The Strait of Hormuz carries about a quarter of the world’s seaborne oil transportation, as well as large volumes of liquefied natural gas and fertilizers. Since the start of military actions by the U.S. and Israel, shipping through the strait has nearly come to a halt, with hundreds of ships stranded at anchor, and global oil prices soaring to their highest levels since 2022.
According to CCTV News, Trump stated on March 11 that the U.S. is in a “favorable position” in the war against Iran and will focus on the situation in the Strait of Hormuz.
Trump also said that the U.S. knows where Iran’s “secret organizations” are and that they are being closely monitored. Earlier this week, in an interview, Trump mentioned the Strait of Hormuz, saying he is “considering occupying it.”
It is worth noting that Trump has recently stated multiple times that the U.S. is prepared to provide naval escort when necessary to restore regular shipping through this critical waterway.
However, according to sources familiar with the matter, since the start of hostilities with Iran, the U.S. Navy has almost daily refused shipping industry requests for military escort in the Strait of Hormuz, citing the high risk of attacks.
Three shipping industry sources, who wished to remain anonymous, said that the U.S. Navy has been holding daily briefings with shipping and oil industry colleagues, during which they stated that they are currently unable to provide escort. They added that the Navy’s assessment in Tuesday’s briefing remains unchanged—that escorting is only possible if the attack risk decreases.
Goldman Sachs issues urgent warning
The security challenges in the Strait of Hormuz continue to escalate.

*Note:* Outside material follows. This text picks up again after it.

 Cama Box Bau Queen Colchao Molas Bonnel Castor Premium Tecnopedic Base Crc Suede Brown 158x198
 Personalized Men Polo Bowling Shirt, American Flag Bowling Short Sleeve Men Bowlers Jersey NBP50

Maritime security experts and analysts point out that even forming an international coalition will face significant challenges, as Iran has the capability to lay mines and deploy inexpensive attack drones. Adel Bakawan, director of the Middle East and North Africa Research Institute, said, “Whether it’s France, the U.S., an international coalition, or any other force, ensuring the safety of the Strait of Hormuz is beyond their capacity.”

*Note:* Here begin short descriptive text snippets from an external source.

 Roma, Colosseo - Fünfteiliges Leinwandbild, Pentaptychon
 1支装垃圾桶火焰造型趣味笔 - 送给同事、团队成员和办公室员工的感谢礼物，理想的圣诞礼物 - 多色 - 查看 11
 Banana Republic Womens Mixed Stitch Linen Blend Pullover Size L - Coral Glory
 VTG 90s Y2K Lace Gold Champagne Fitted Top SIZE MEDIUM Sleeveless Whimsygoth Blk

As a result, international oil prices continue to strengthen. On March 12, during the Asian trading session, Brent crude futures briefly surpassed $100 per barrel. As of 15:20 Beijing time, WTI crude futures rose by 4.58%, to $91.23 per barrel; Brent crude futures increased by 4.81%, to $96.41 per barrel.
Goldman Sachs significantly raised its fourth-quarter oil price forecast in its latest report, citing that the duration of the disruption in oil flow through the Strait of Hormuz is expected to be longer than previously assumed. This adjustment implies that if the Middle East situation worsens further, oil prices could break the 2008 record high.

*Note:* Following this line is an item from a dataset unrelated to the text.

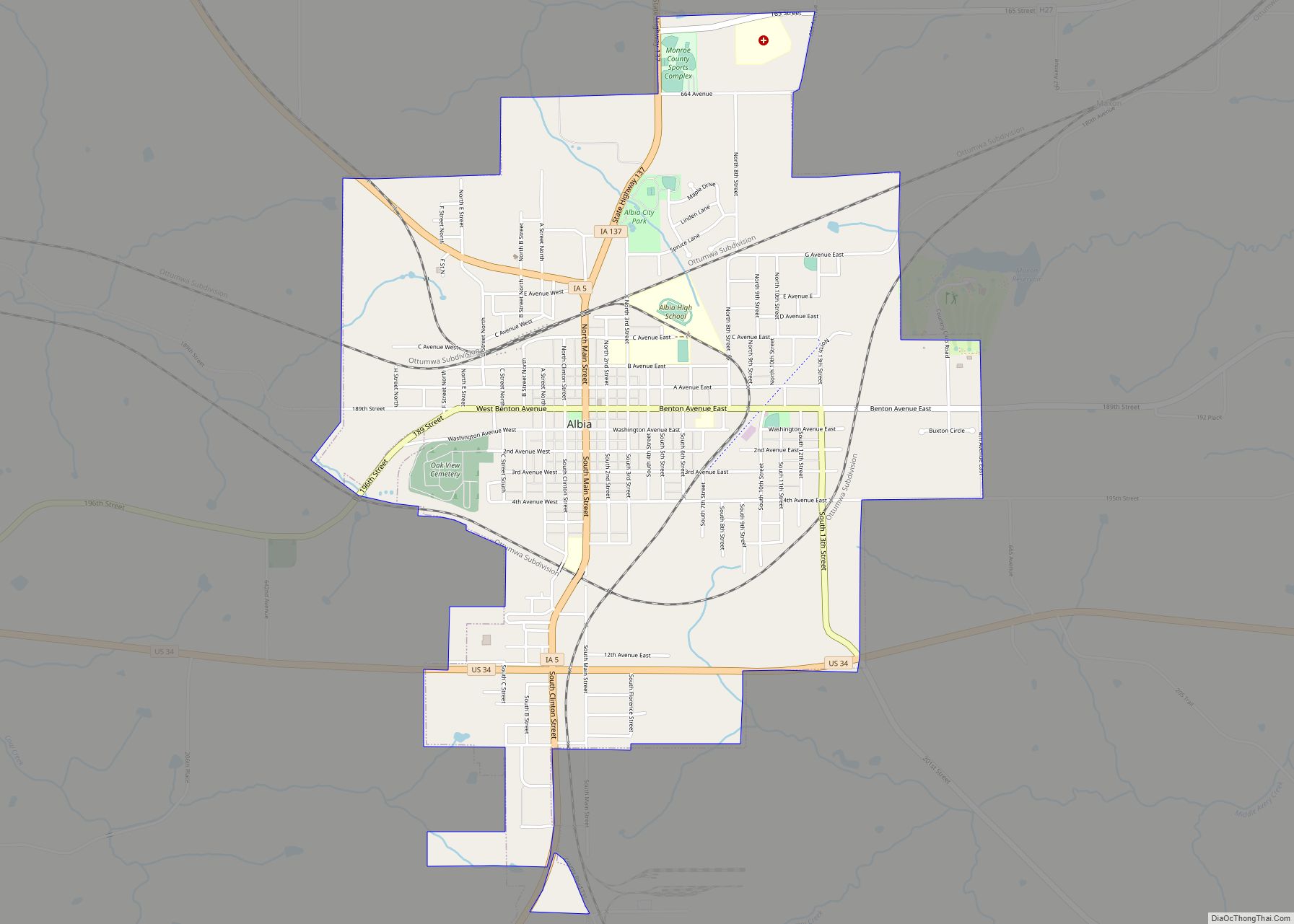 Map of Albia city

Analysts Daan Struyven and others at Goldman Sachs raised their fourth-quarter Brent crude forecast from $66 to $71 per barrel, and WTI from $62 to $67 per barrel.
Goldman Sachs pointed out that if the flow remains disrupted into late March, oil prices are likely to trend upward “until the market is confident that a prolonged interruption is unlikely.” The bank also warned that if the flow remains under pressure throughout March, daily oil prices could surpass the 2008 peak levels.
The core basis for these revised forecasts is a reassessment of the duration of the flow disruption in the Strait of Hormuz. Goldman Sachs adjusted its baseline assumption from a 10% reduction in flow for 10 days to a 21-day period, followed by a gradual recovery over 30 days.
The report outlined two scenarios with different price estimates: in a 30-day disruption, the average Q4 Brent crude price is expected to be $76 per barrel, and WTI $72; if the disruption extends to 60 days, Brent could rise to $93, and WTI to $89 per barrel.
While Goldman Sachs acknowledges that oil prices face risks on both sides, its report states that the risk balance “leans upward.” Under the current uncertain flow conditions, market expectations about the duration of the disruption will be a key factor in short-term price movements. The statement suggests that investors should prepare for higher energy prices.